Amarcord

Melbourne 1956: un’Olimpiade agli antipodi

Melbourne 1956 - la fiamma olimpica

I XV Giochi Olimpici si tennero a Melbourne, in Australia. La decisione di disputare l’Olimpiade nell’emisfero australe, presa a Roma durante la sessione CIO del 1949, suscitò notevoli perplessità. Vi furono numerose candidature (ben tredici) fra cui quella di Buenos Aires, caldeggiata dagli esponenti latini del CIO, mentre Melbourne, dal canto suo, poteva contare sul sostegno dell’Europa del Nord. Nella votazione finale fu decisivo uno e un solo voto. Per fare un po’ d’ordine, poi, si decise nello stesso CIO del 1949 che da quel momento in poi ciascun paese avrebbe potuto presentare una sola candidata “ufficiale” nel caso di più richieste da diverse città.

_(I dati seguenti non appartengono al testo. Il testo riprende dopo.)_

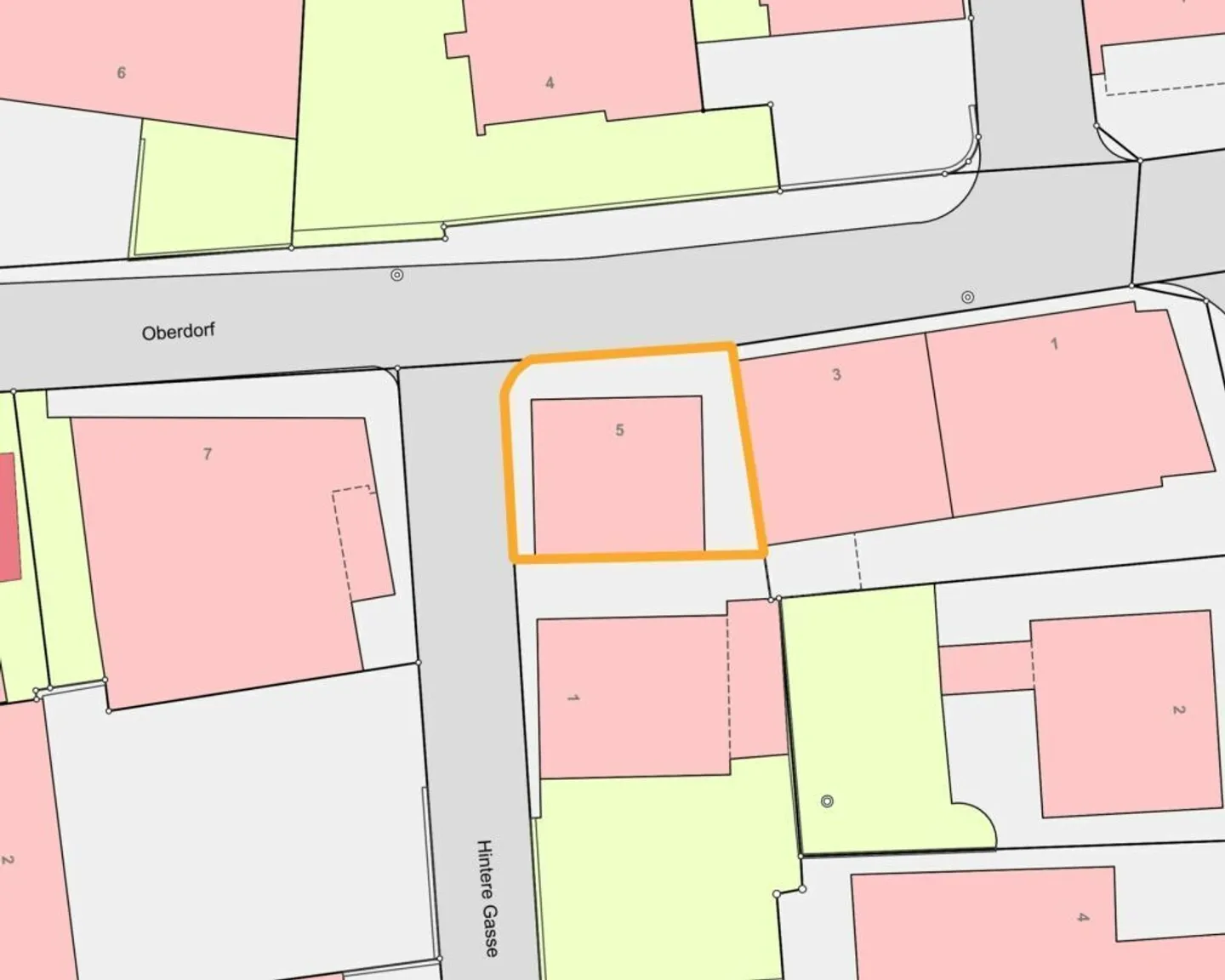 Charming 7-Room Single-Family House - Photo 3 of 3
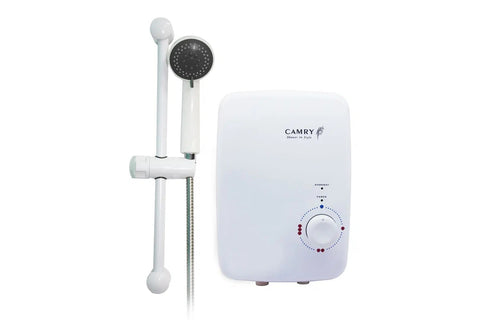 CHAMPS Instant Water Heater Camry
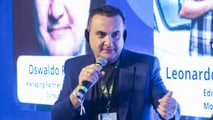 Oswaldo Ramos no E-Days 2026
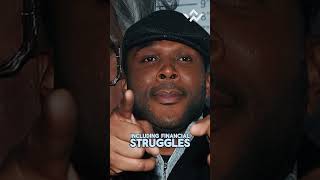 Tyler Perry From Homelessness to Hollywood Mogul [upl. by Eetnahs]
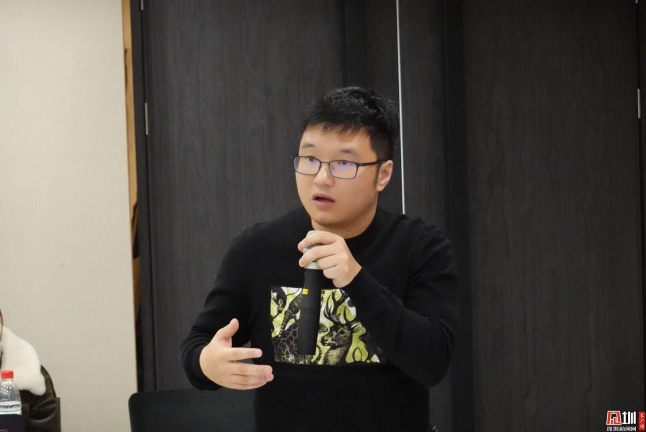 bt学院举办cpa六神圆桌会上海站及北京站 四届学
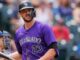 Rockies’ Kris Bryant returns to injured list with back strain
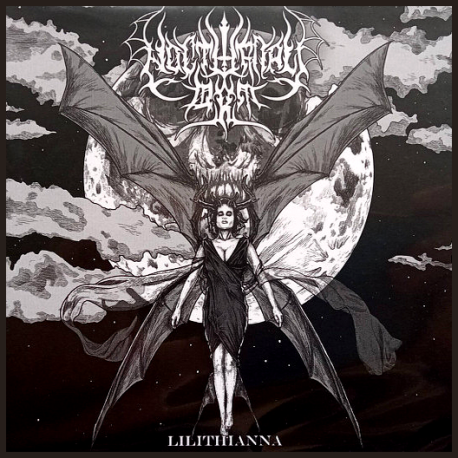 Nocturnal Art – Lilithianna (Digipack)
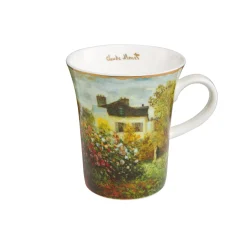 Goebel Becher 'Das Künstlerhaus'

La prima, storica, incursione a sud dell’equatore non nasceva , però, sotto le migliori prospettive. Ancora una volta, infatti, erano le numerose vicende politiche a tener banco. L’invasione dei carri armati russi a Budapest pochi giorni prima dell’apertura dei Giochi, in seguito al processo di destalinizzazione del paese, portò molti stati a protestare per l’ammissione dell’URSS e a boicottare la manifestazione; la questione “Canale di Suez”, nazionalizzato per mano dell’egiziano Nasser, portò Iraq e Libano a chiamarsi fuori dai Giochi a seguito dell’invasione franco-britannica nella terra di Cheope; infine Mao, che dopo aver saputo della presenza della Cina nazionalista rappresentata da Taiwan, ritirò in un amen la “sua” Cina popolare.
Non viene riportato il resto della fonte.